The first-ever InvestMaryland Challenge is down to its final round with just 33 companies competing for more than $300,000 in grants and business services. The final winners will be announced during the Governor’s Cup Awards Ceremony on April 15.
One of the companies, selected out of more than 250 applicants, is Baltimore-based Light Point Security. To find out a little more about this growing company, founded in 2010, we spoke to co-founder Zuly Gonzalez.
Q. What does Light Point Security do, and how would you explain it to the average person?
A. We have a virtualized web browser and we prevent network computers from getting malware by allowing people to browse the Internet from remote browsers that does all of the dangerous parts of parsing and rendering a website and only sends back an interactive display of that website, so there’s no harmful content and no scripts that run on the end computer. It’s just a piece of software so companies basically just buy that software and install it on their computers and their network and it just runs and protects their networks as well as their employees from malware.
Q. What is the worst case scenario if someone does not use a product like yours?
A. They could get malware from browsing a site.
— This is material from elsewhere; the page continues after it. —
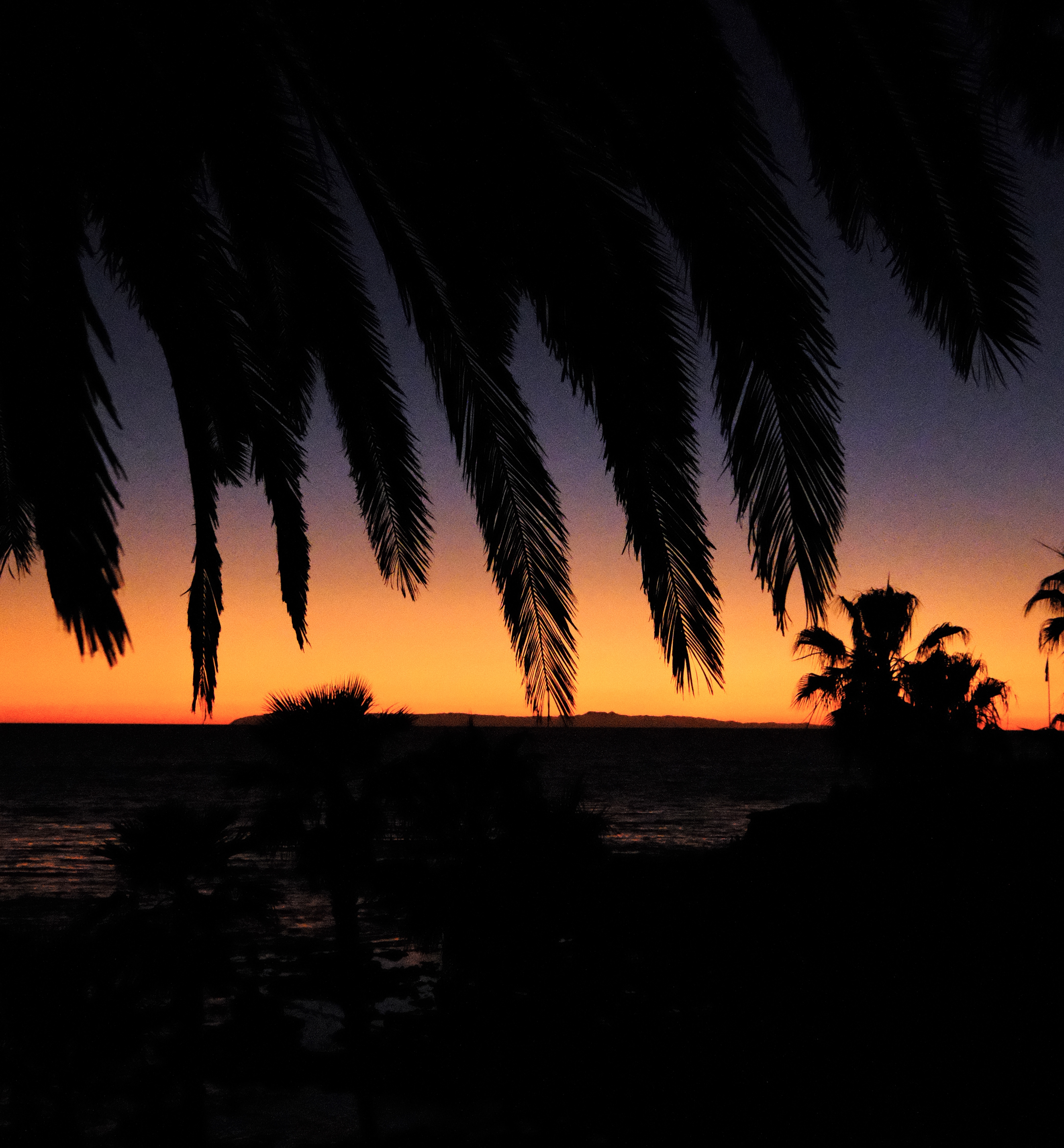 Nature photo 2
One recent example is Facebook, Twitter, Apple and Microsoft—all four of those were in recent weeks infected by Web-based malware because their employees browsed to a work-related site about iPhone software development. It was a benign site that had been hacked and was spreading malware, so their employees visited that site and their networks got compromised. In fact, 75 percent of organizations are victims of cyber attacks and the attacks cost enterprises an average of $5.5 million a year—so if they’re not using our product and they’re compromised, it could cost them $5.5 million to fix it up.
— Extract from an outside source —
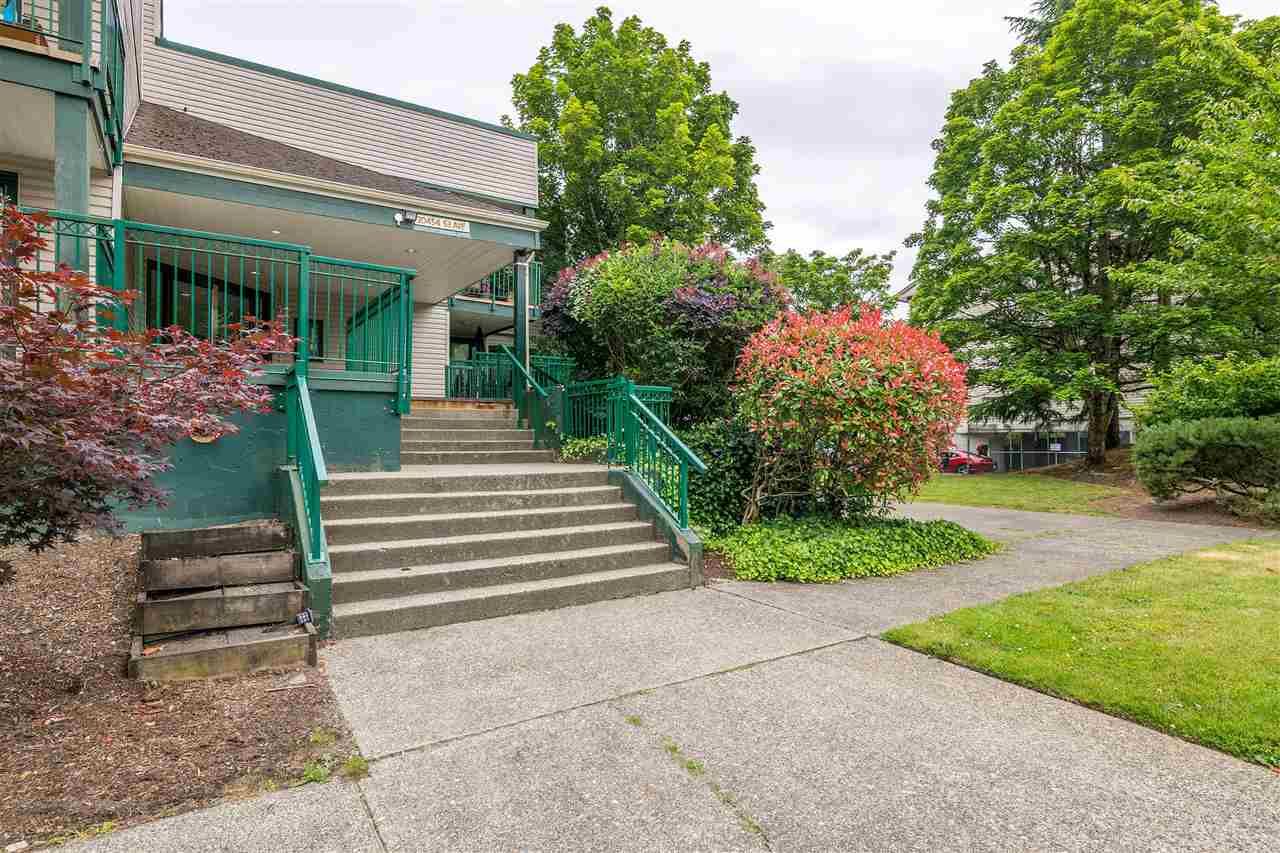Main Photo: 116 20454 53 Avenue in Langley: Langley City Condo for sale in "Rivers Edge" : MLS®# R2402890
Q. Tell us more about the unique and innovative things your company is doing. How is it moving the industry forward?
A. Most traditional security software products focus on detection-based security. They’re using filters, algorithms, signatures and some sort of intelligence behind the scenes to try and determine whether something is safe or dangerous. For example, anti-virus will scan files to try to determine if something is malicious based on their signatures. The flaw with these technologies is that that there’s so much malware coming out—for example, there’s 16,000 new malicious websites and 80,000 new malware variants created every day, so there’s such an abundance of malware that’s being spread that it’s impossible for these detection based software systems to be able to know exactly what’s safe and what’s not. There’s a lot of malware that sneaks by them because they aren’t able to detect it as malware. That’s the flaw in detection based security. What we do instead is isolation based security. We assume that everything is bad, everything is malicious and we keep it contained in an area where it can run if necessary, but it doesn’t do any harm to the network or the computer. It cannot reach any customer or company data. It’s just isolated all by itself where we can wipe it.
Q. If Light Point Security were to win prize money in the contest, how would it use the money to further its goals?
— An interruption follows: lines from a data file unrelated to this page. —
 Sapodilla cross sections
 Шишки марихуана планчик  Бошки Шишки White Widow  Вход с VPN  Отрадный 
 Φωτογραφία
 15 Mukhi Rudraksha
That money would be tremendous for us. Right now, it’s just the two of us and we’ve been entirely self-funded up to this point. We started with just 10,000 and we’ve built a really complex product just with that little bit of money. We would use it to further our marketing, maybe hire a marketing specialist, as well as hire a software developer to help us further our product, to get it refined and add some nice features that people have been asking us for.